▸ **TO DO**: All of the data that follows is to be printed exactly, without pictures.

===

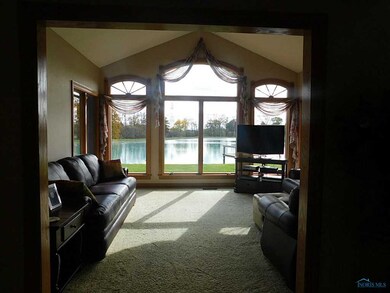 Sunroom. over look 2 acre stocked pond 14x15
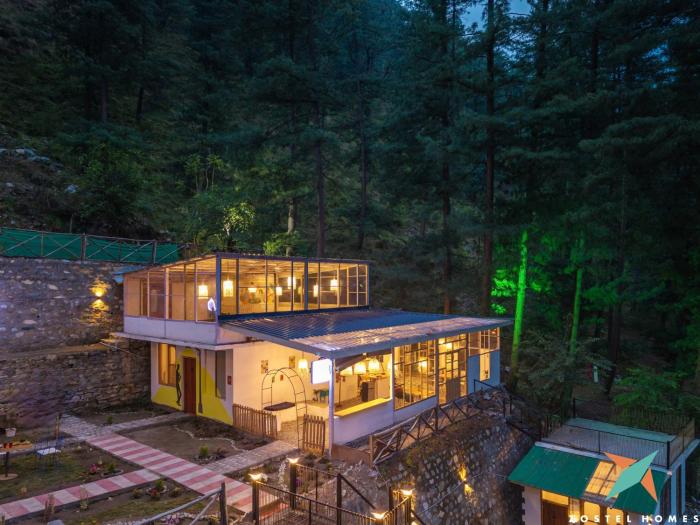 zostel homes tirthan gushaini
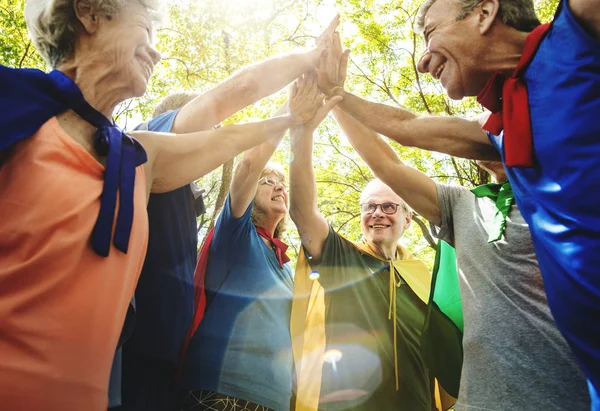 Barnsliga Seniorer Superhjältar Ger Hög Fem — Stockfoto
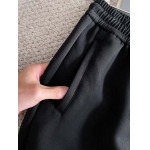 2026年10月28日入荷秋冬新作Pradaスラックス高級品/誕生日プレゼント/KD工場
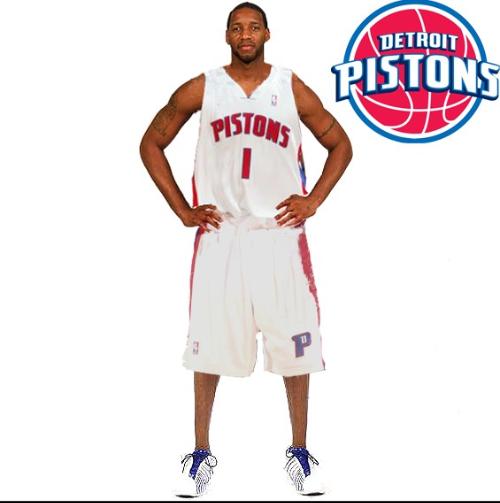 卡洛斯-奥古斯托：踢右路我也感觉良好，球队始终是第一位的（卡洛斯-奥古斯托：右路同样适应，球队利益至上）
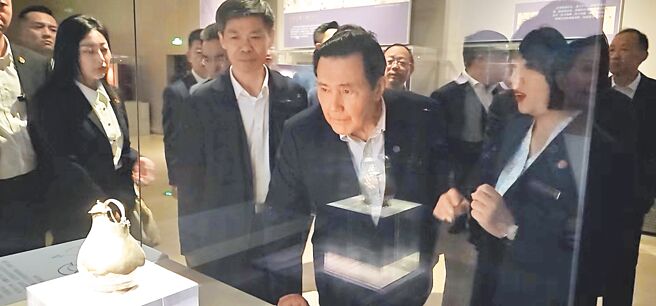 前总统马英九7日参访陕西歷史博物馆，专心观看「鎏金舞马衔杯纹银壶」，这是该馆的镇馆之宝，从不出境展出。（蓝孝威摄）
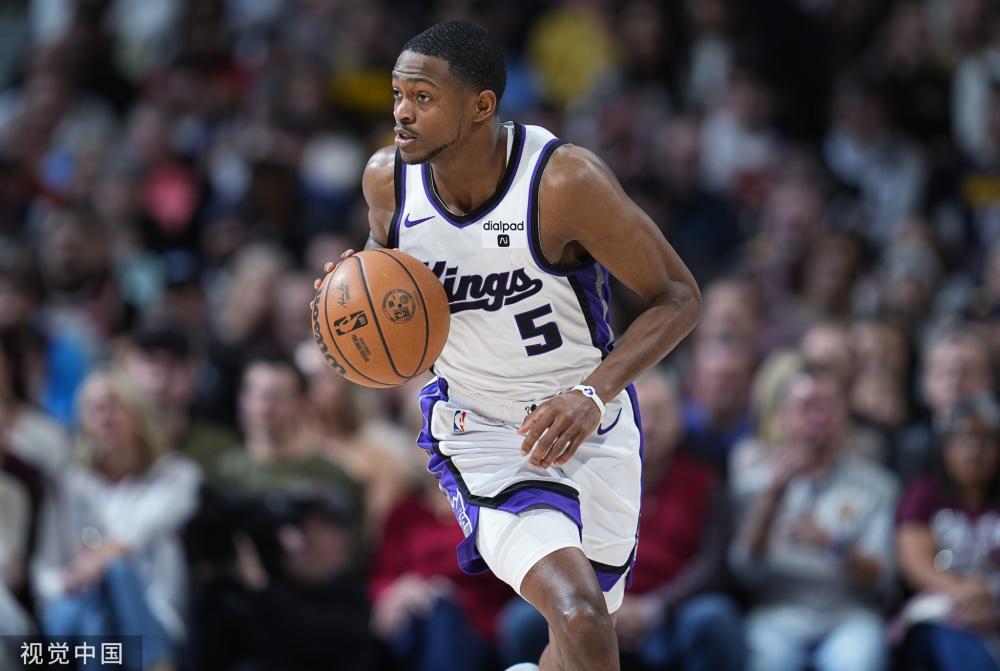 显示了他的 显示了他的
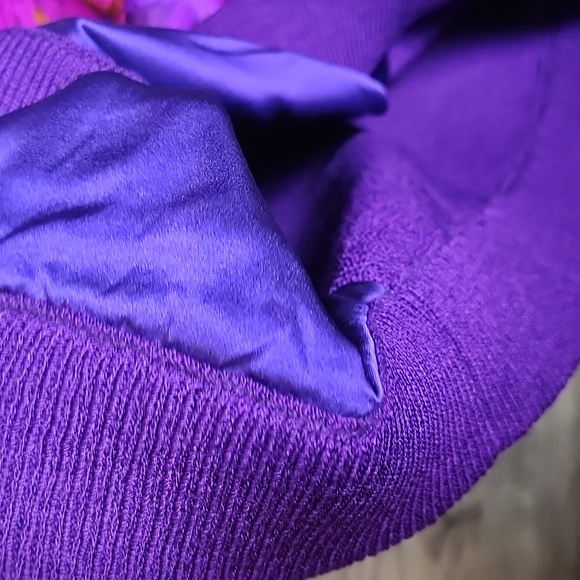 St. John Collection Satin and Knit Cardigan Top in Purple Abstract - Picture 14 of 14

===

▸ **ANSWER SPACE**:
 Sunroom. over look 2 acre stocked pond 14x15
 zostel homes tirthan gushaini
 Barnsliga Seniorer Superhjältar Ger Hög Fem — Stockfoto
 2026年10月28日入荷秋冬新作Pradaスラックス高級品/誕生日プレゼント/KD工場
 卡洛斯-奥古斯托：踢右路我也感觉良好，球队始终是第一位的（卡洛斯-奥古斯托：右路同样适应，球队利益至上）
 前总统马英九7日参访陕西歷史博物馆，专心观看「鎏金舞马衔杯纹银壶」，这是该馆的镇馆之宝，从不出境展出。（蓝孝威摄）
 显示了他的 显示了他的
 St. John Collection Satin and Knit Cardigan Top in Purple Abstract - Picture 14 of 14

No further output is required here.